In a downtown Columbia Coffee shop Austin Jones prepared a fresh brew for a customer Tuesday. Recently coffee shop talk has focused around one dark issue and one name in particular.

"I mean we've heard her name it seems non-stop. People have been talking about it on the square," Jones said. 

Elizabeth Thomas, the young girl who vanished with her former teacher has now been missing for more than three weeks.

"That definitely takes an effect and you see it on the faces of everybody who walks in to the café," said Jones. 

However, this community will not lose hope.

"Do you believe at some point she will be brought back home," NewsChannel5 asked the Thomas family attorney, Jason Whatley. "Absolutely, there is no doubt in my mind. We believe she will be brought back home and Tad Cummins will be brought to justice," he replied.

Whatley speaks daily with Thomas' father, Anthony daily. "Frankly I think the family has been overwhelmed with the amount of support they have been receiving," Whatley said. 

After more than three week, only one credible sighting of Tad Cummins and Thomas was confirmed in Oklahoma City, but that was two days after they disappeared.

"It was obviously a cold trail, begs the question where would they be now? How far could they have gotten," asked Whatley. 
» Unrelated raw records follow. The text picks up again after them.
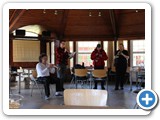 Ahlbeck'23_29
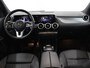 Mercedes-Benz GLA 250 e Luxury Line | Panoramadak | Distronic | Dodehoekassistent | Achteruitrijcamera |
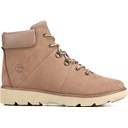 Light Brown Nubuck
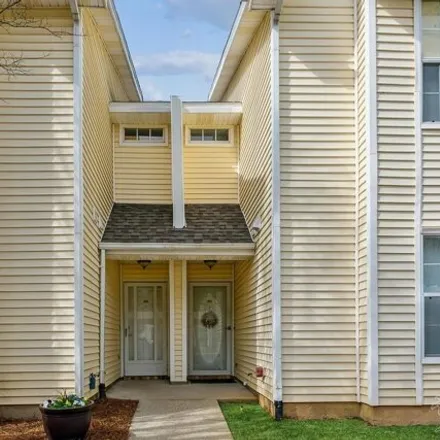 Buy this 3 bed townhouse on Trade Winds Shopping Center in TJ Maxx, 6625 North Davis Highway
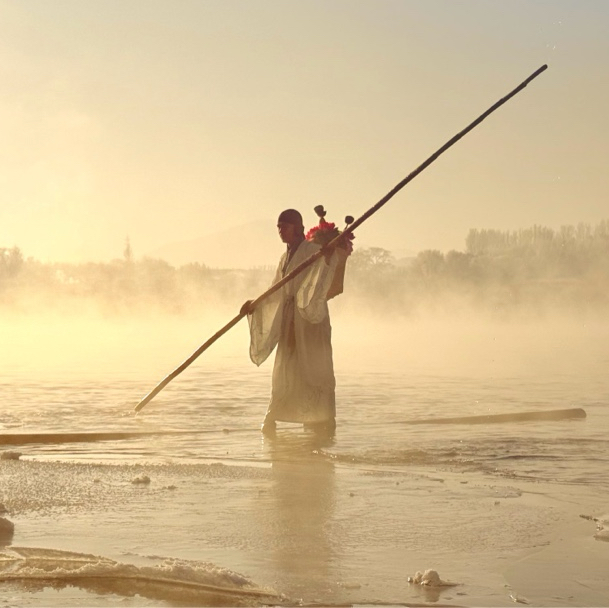 自己上传的句子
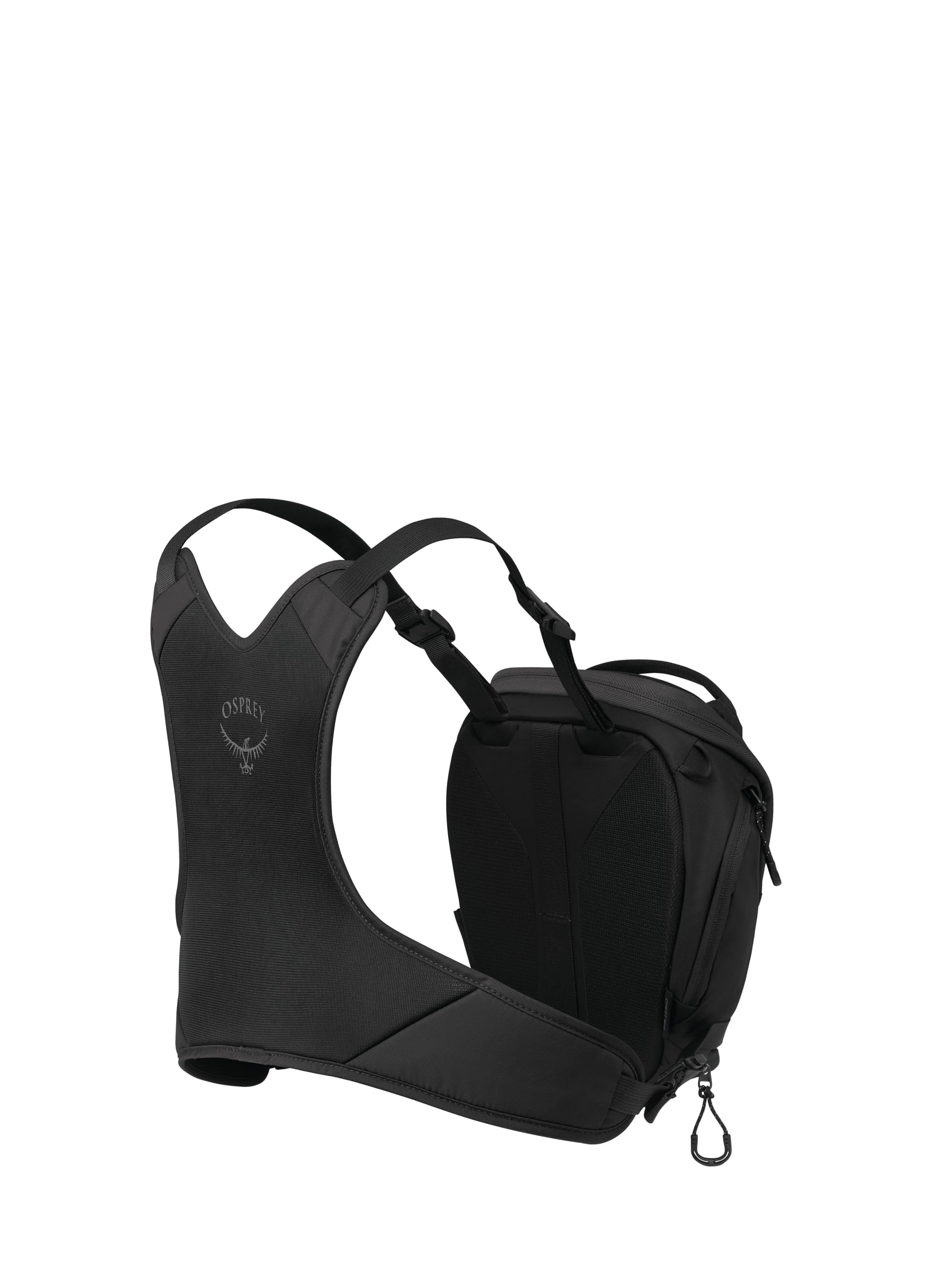 Osprey Camera Rig Camera Pouch One Size
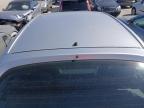 2007 CITROEN XSARA PICA for sale at Copart SANDY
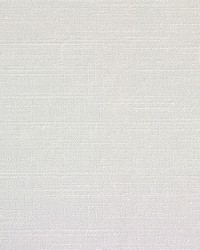 Delling Glacier by  Richloom 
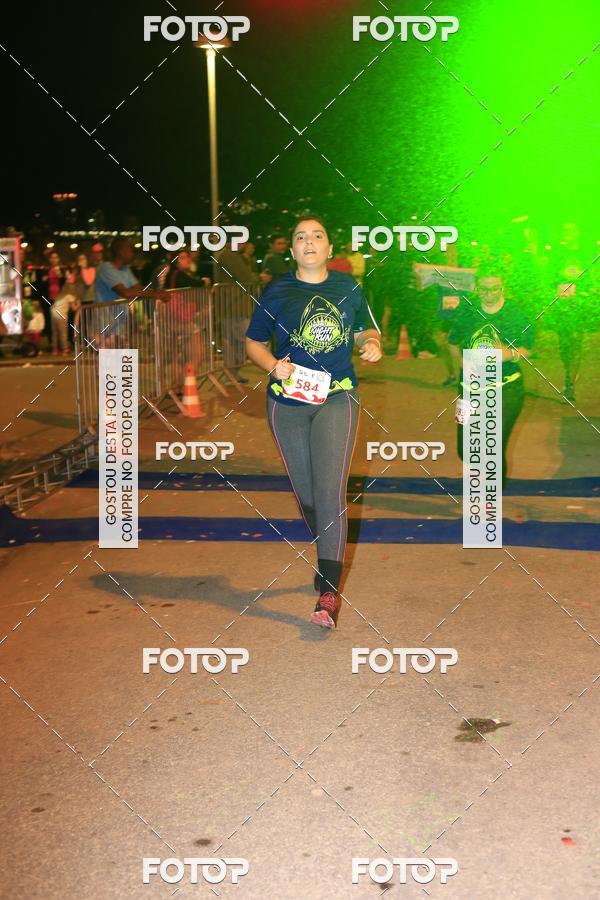 Buy your photos of the eventMarines Night Run on Fotop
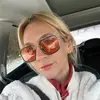 elder_morgan - @elder_morgan - TikTok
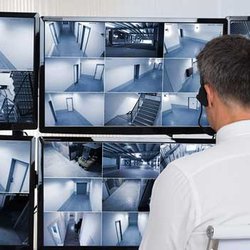 Eastway Lock & Key - By offering custom solutions, we give you the option to choose the security features that fit the condition of your venue and budget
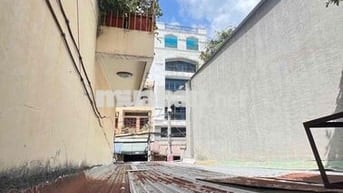 Tôi cần  Bán Đất (149M2) lê văn quới hổ trợ vay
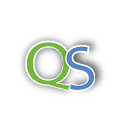 QuickShare for Android™ icon
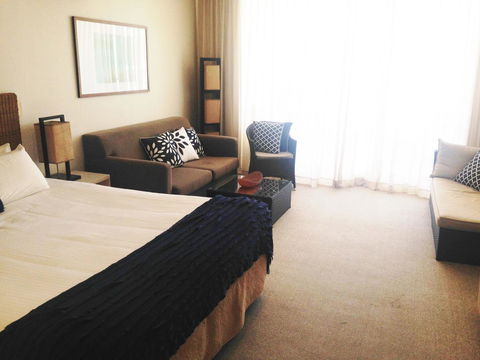 BASE Holidays - Ettalong Beach Premium Apartments - Accommodation Search 26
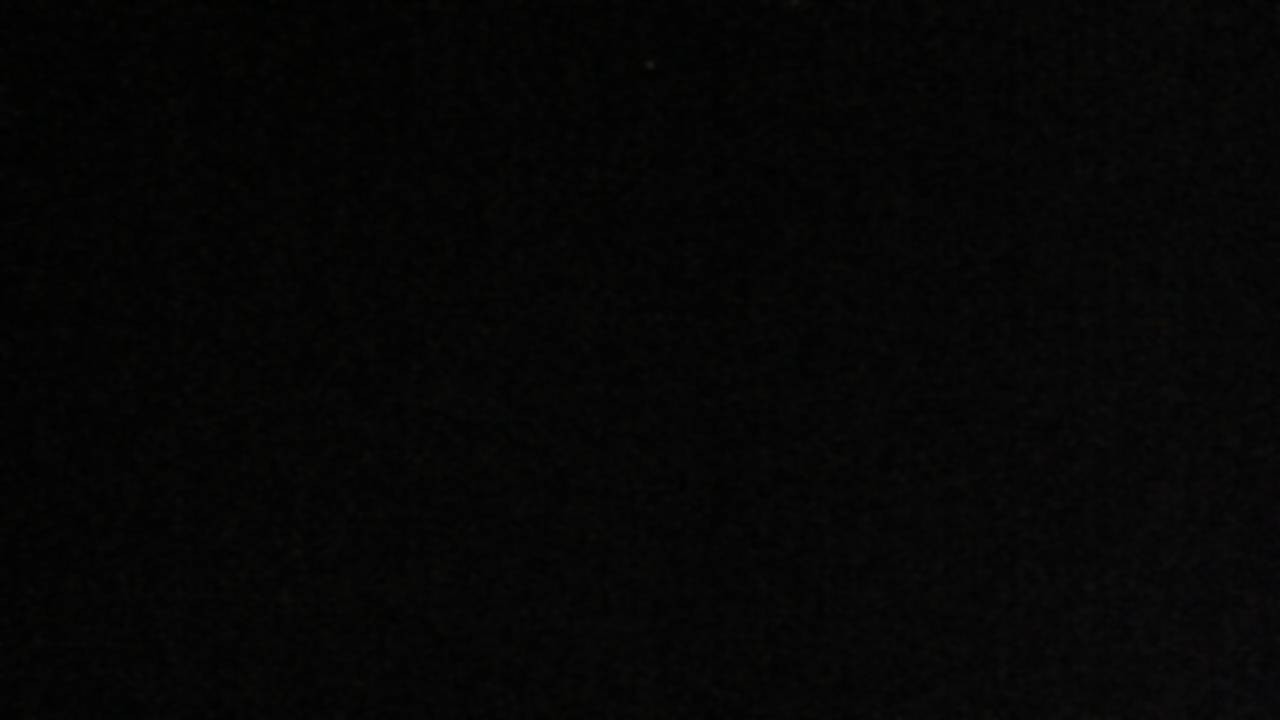 Archiv Foto Webcam Gaststätte Feuerkogelhaus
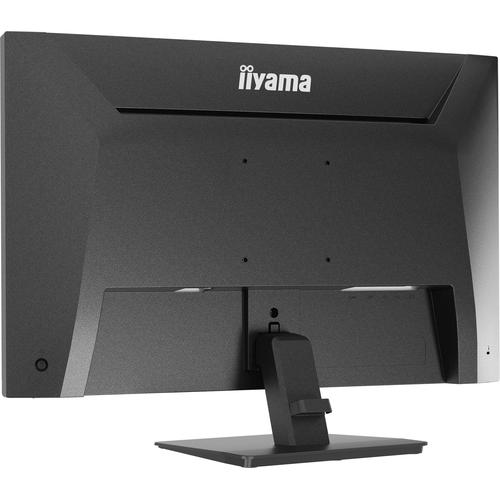 iiyama ProLite X2793QSU-B1 computer monitor 68,6 cm (27") 2560 x 1440 Pixels Quad HD LED Zwart - Image 7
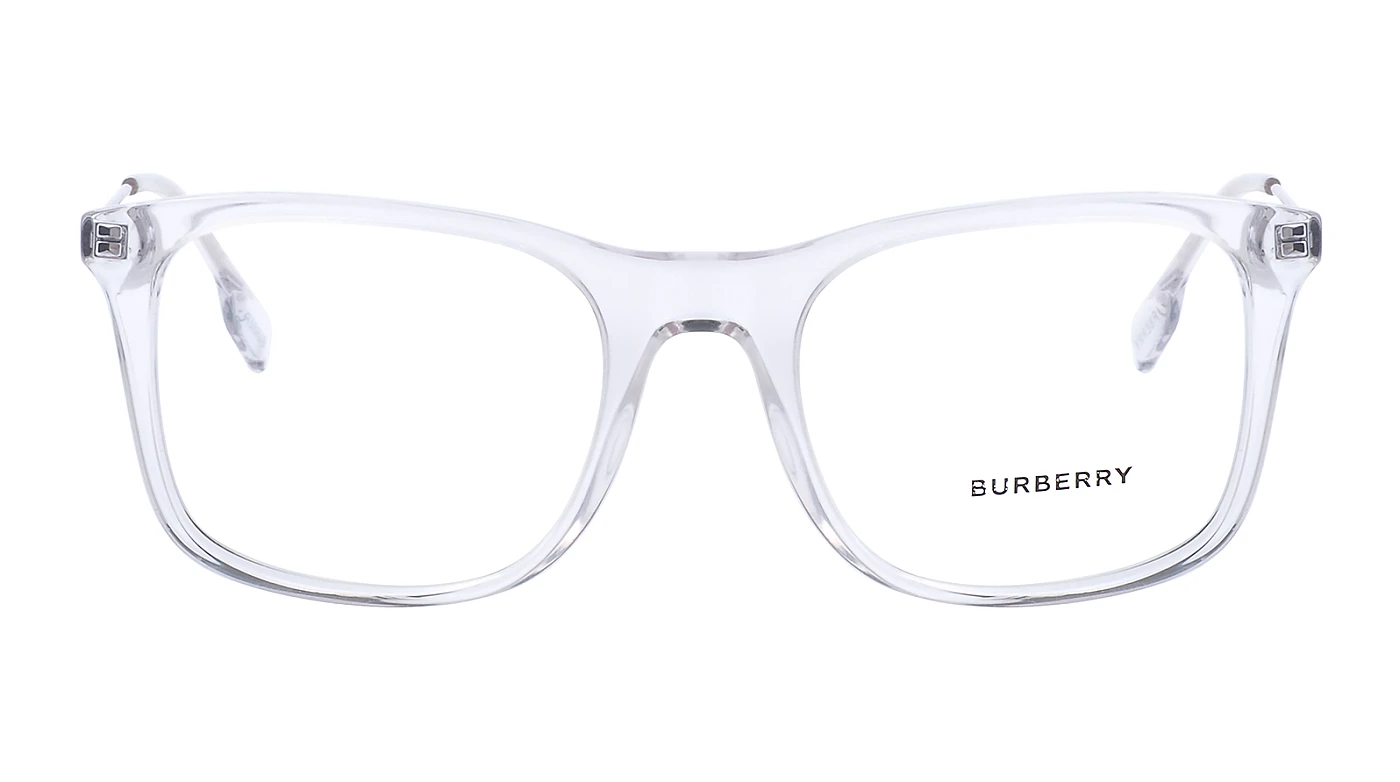 Оправа Burberry 2343 3024 фото 2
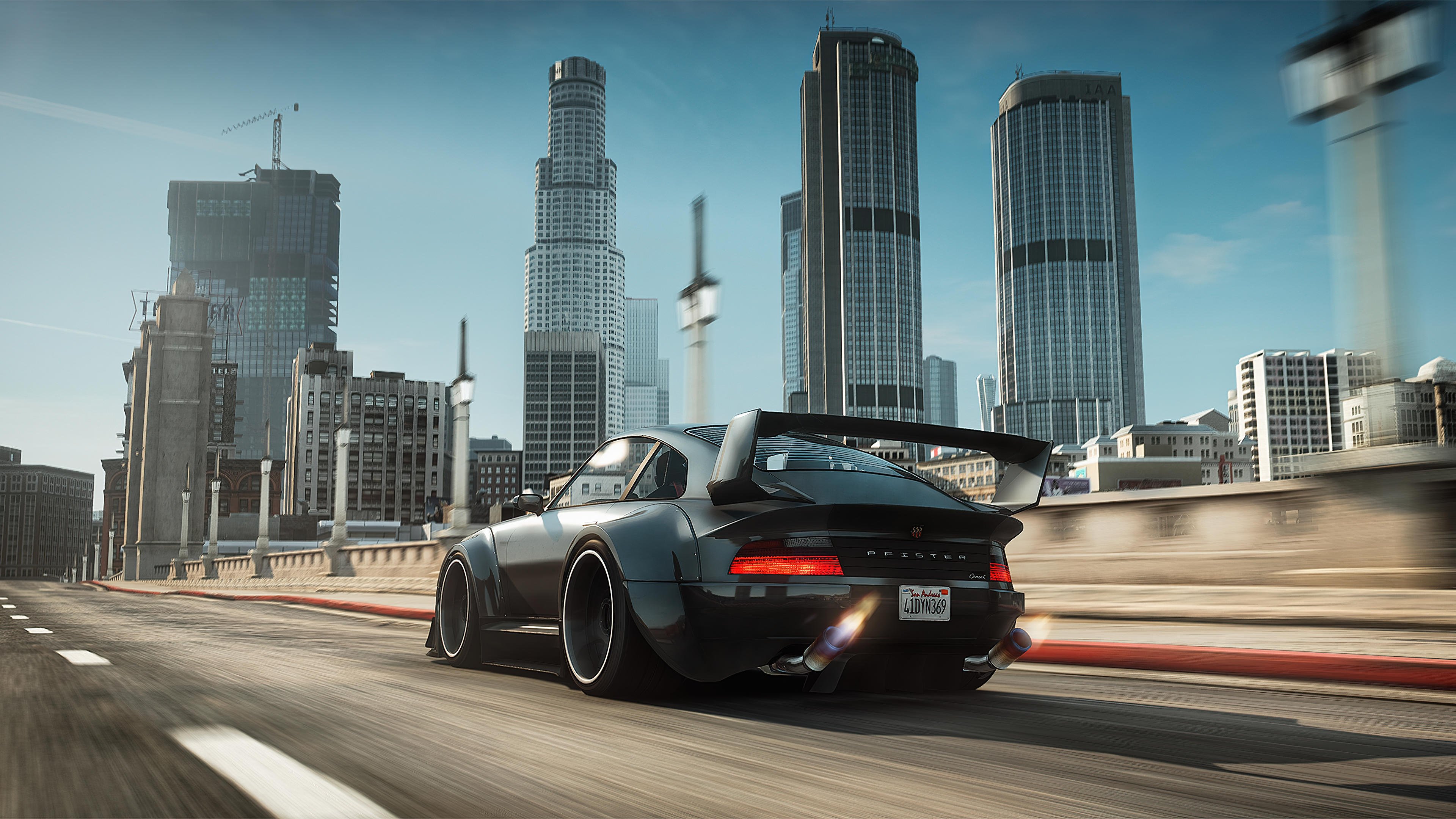 NBA球队教练组构成与影响,nba球队各队主教练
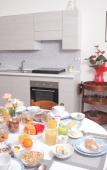 Туры в отель Etna Sea House Туры в отель Etna Sea House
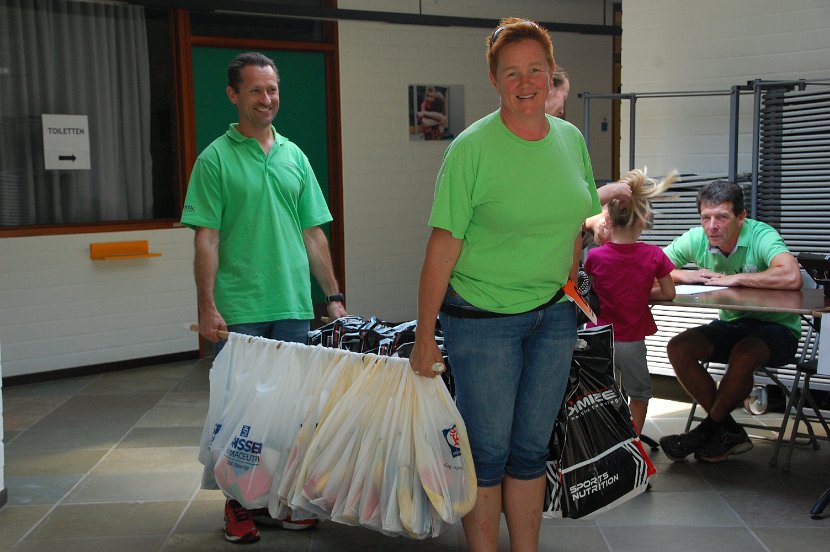 Sfeerbeelden 2015 - 142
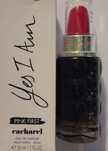 Cacharel Yes I Am Pink First woda perfumowana 50 ml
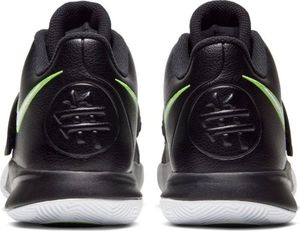 Nike Buty do koszykówki Nike Kyrie Flytrap III 47.5 3
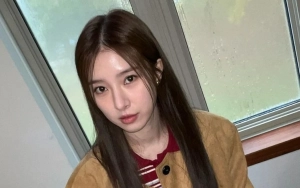 Kim So Eun Ikut Program Kencan Buta usai Dikaitkan Kematian Song Jae Rim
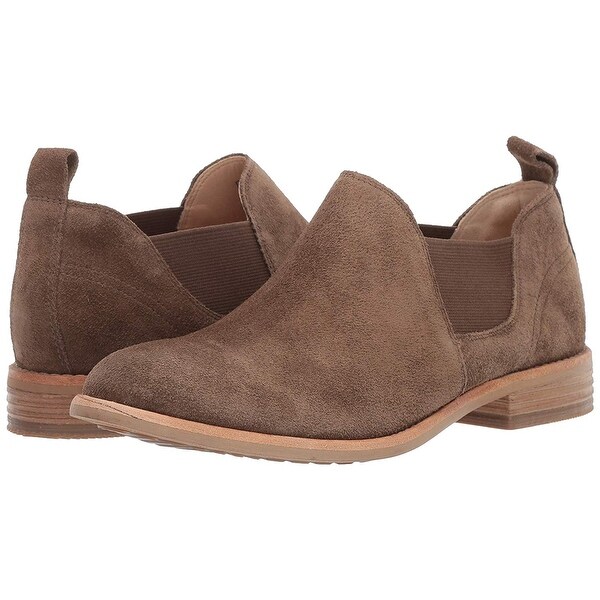 Clarks collection women's shop edenvale page booties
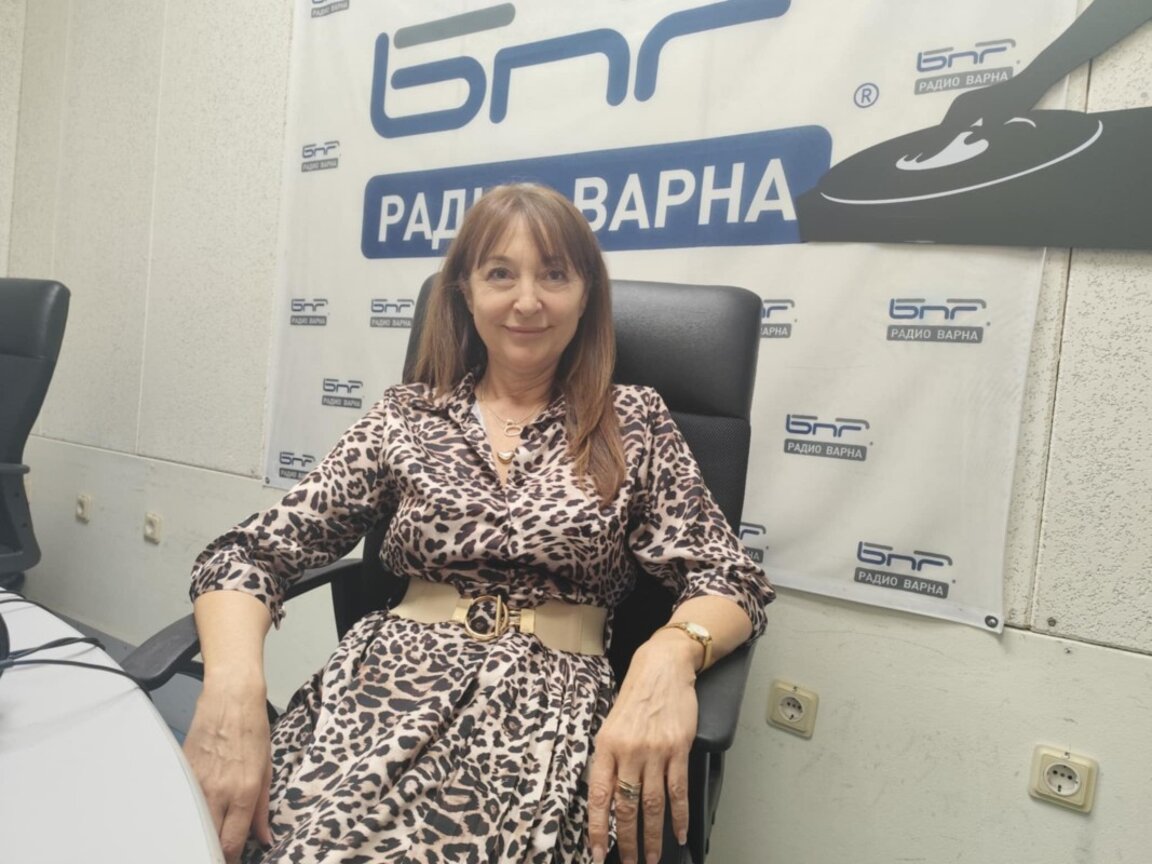 Тангото се ражда в прегръдката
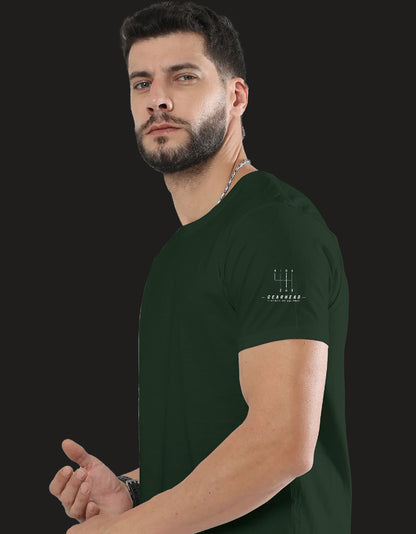 Left_Shoulder_5_c_8.jpg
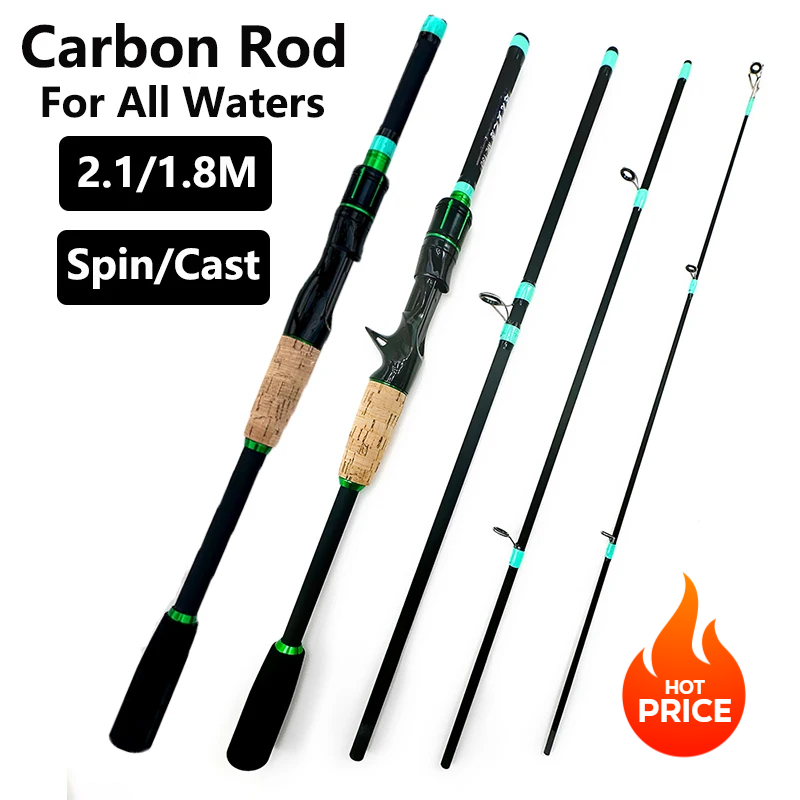 Casting Spinning Lure Fishing  - đánh giá và giá Fishing Lure Jig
Whatley said his office is working with law enforcement while also conducting its own investigation. He believed they're still somewhere in the U.S.

For now, however, all this community can do is wait. "Any news like this, even in the smallest scale affects the entire community," Jones said. 

Whatley hopes once this case is solved it will be used to help change the federal Amber Alert system. Although an Amber Alert was issued in two states, Tennessee and Alabama, it was not initially reported in Oklahoma, where the two were seen two days after they disappeared.

“It’s limited, part of a concern I would have is it gives a sense of hope when in essence you’ve got an alert going out in two states. We need it to go further than that, in these situations where it’s clear the person is on the run, at least there’s credible evidence of that or was and certainly is now so what do you do? Do you show it in all 50 states? I don’t know the answer to that but I know there’s got to be a better system than the current system we have now,” Whatley said.